Pierre Michon, qui vit aujourd’hui à Nantes, ne craint pas les oracles ; sa propre naissance est pour lui à l’origine de la catastrophe qui a si longtemps affecté la demeure de ses ancêtres. Perdue dans les bois, aussi inexpugnable qu’un remords, « la maison est devenue […] la stèle de mes échecs », dit-il ; c’est pourtant par l’écriture qu’il en aura entamé la renaissance… Une consolidation est advenue par la grâce et la force des mots inscrits dans les Vies minuscules. L’idée du livre, c’est aussi un déchiffrement conduit par la photographe Anne-Lise Broyer réalisant « des images autour de la maison des Cards », maison qui d’emblée ne se laisse pas ouvrir. Alors l’artiste en a subtilement arpenté les abords, s’immisçant dans les brumes, les broussailles, comme entre des signes, et a ponctué ses découvertes de taches vermillon, allusives et rebelles.

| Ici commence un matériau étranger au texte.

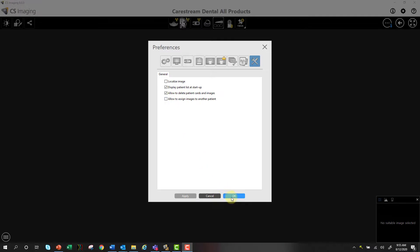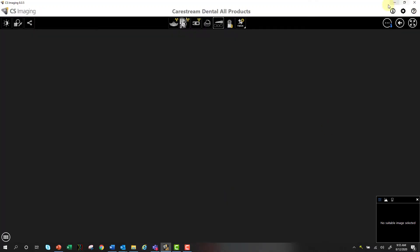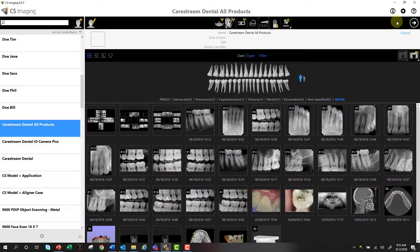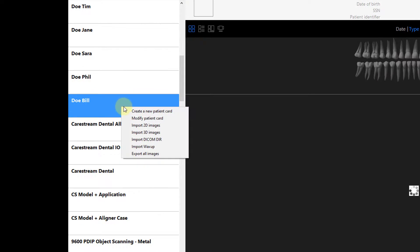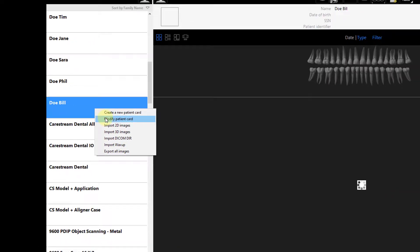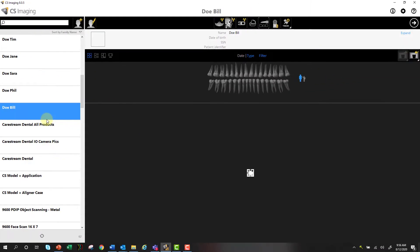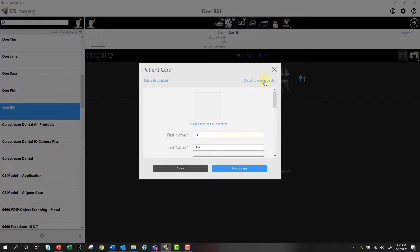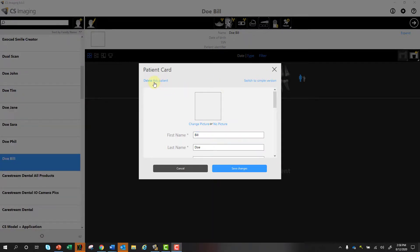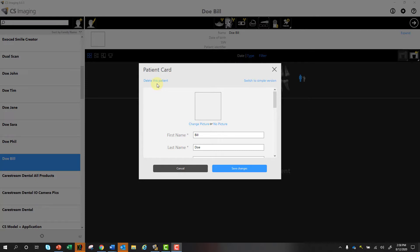And you'll be able to delete an entire patient card, which I'll show you that really quickly too. I'll just exit out of this, go back to my browser, and I can right-click on a patient and say modify patient card. And if I say switch to full version, I can now delete the entire patient. Keep in mind the editing or deleting your patient card or your actual patient is really only done in your standalone CSI 8. In other words, if you're connected to practice management software, that's not really going to be an option.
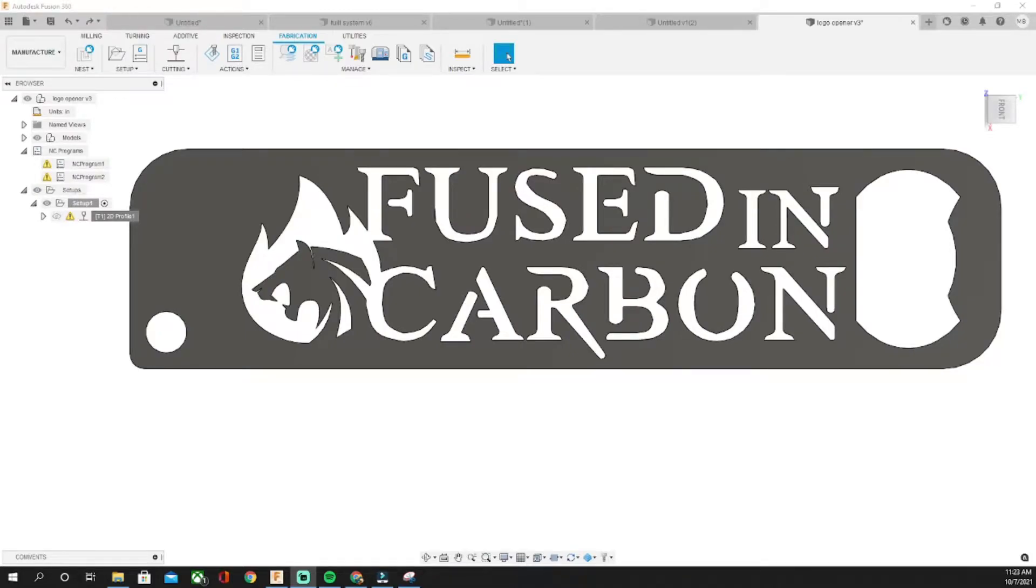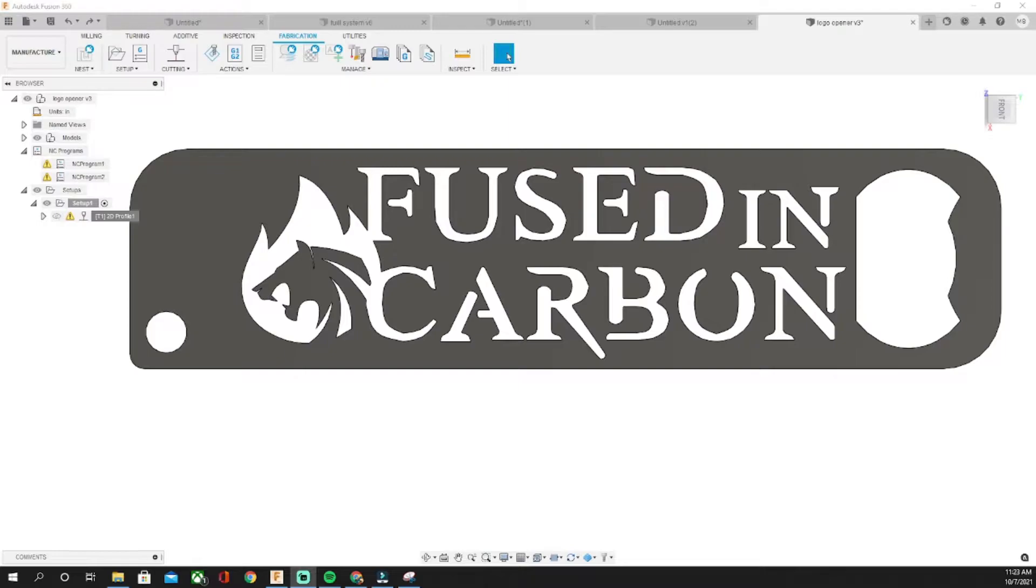What's going on everyone and welcome back to Fusion Carbon. Today I got a quick tutorial for y'all. Sometimes I see people having a hard time getting a part to cut in Fusion 360.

La photographie et l’écriture en connivence, pour une exploration sensible de ce lieu d’enfance et « un émerveillement perpétuel ». Puis viendra le temps « d’attente du texte et des morts ». Délabrée, la maison restera « une enclave de merveilleux et de sauvagerie ». Fermée l’hiver, elle « devient aussi irréelle qu’une page écrite ». Le besoin impérieux « de garder jalousement un mirage » n’a pas faibli, et a nourri une écriture envoûtante : « On fait du liturgique avec ce que l’on peut » ; alors s’invente une mythologie à la mesure d’un chemin creux, d’une étrange cheminée, d’un conte païen réveillant les hantises de deux paysans inapaisés et ce magnifique thème d’un proverbe sibérien : « Le chant du coucou est le cri de la mère morte ». L’écho s’y survit à demeure.